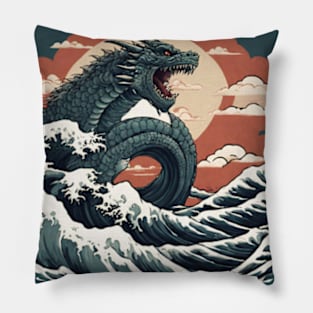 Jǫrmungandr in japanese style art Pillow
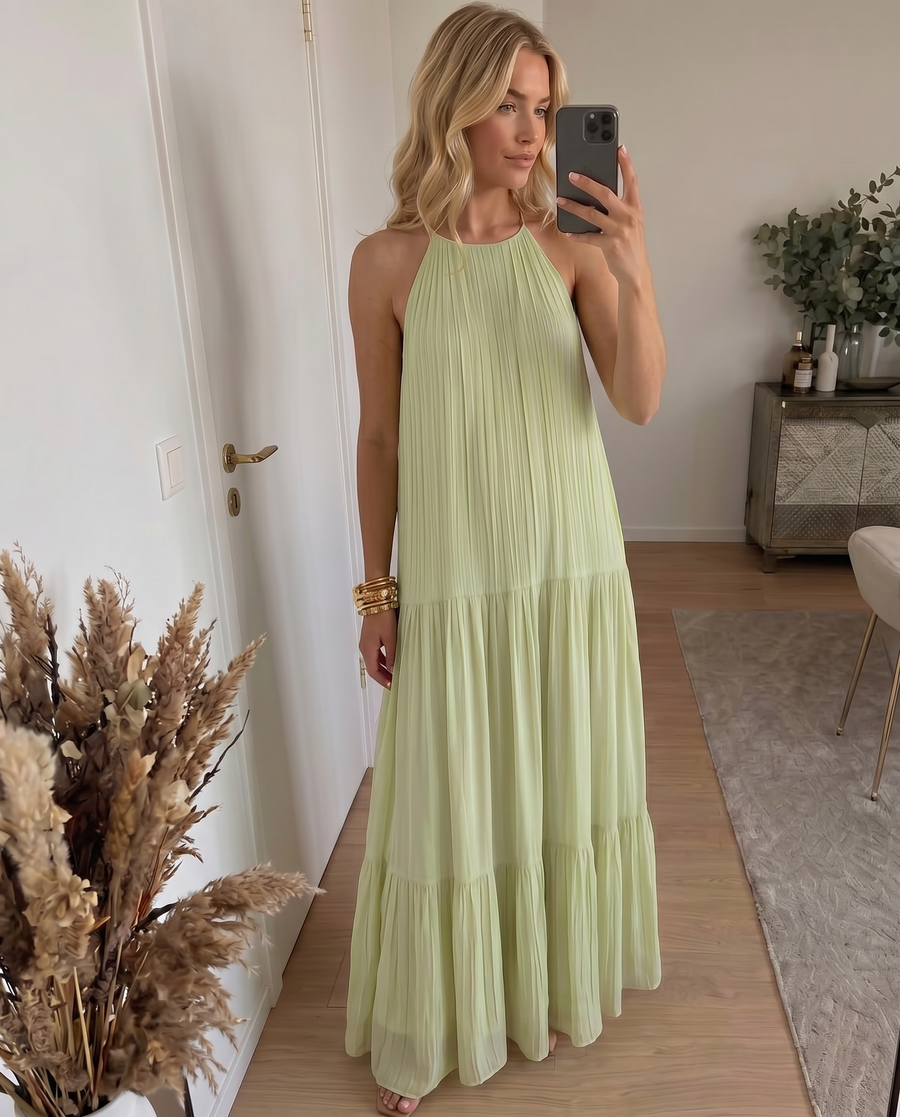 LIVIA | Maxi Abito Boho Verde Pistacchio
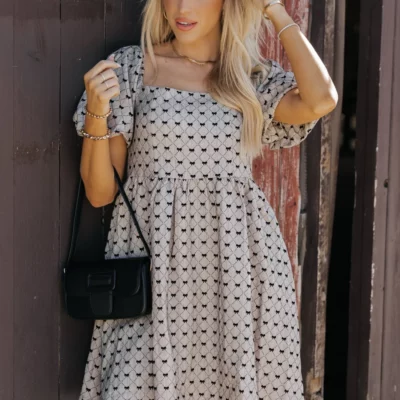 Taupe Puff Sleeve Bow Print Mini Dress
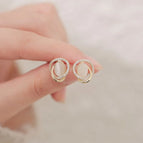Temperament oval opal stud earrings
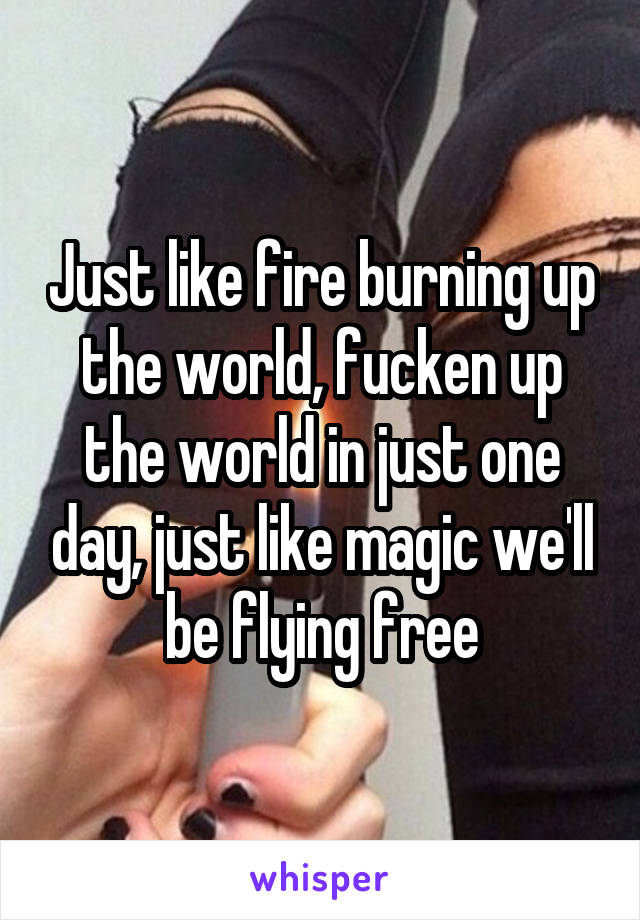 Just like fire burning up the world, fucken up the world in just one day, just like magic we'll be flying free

To do. Please restate the material word for word; the pictures stay out.

Solution below.
 Jǫrmungandr in japanese style art Pillow
 LIVIA | Maxi Abito Boho Verde Pistacchio
 Taupe Puff Sleeve Bow Print Mini Dress
Temperament oval opal stud earrings
 Just like fire burning up the world, fucken up the world in just one day, just like magic we'll be flying free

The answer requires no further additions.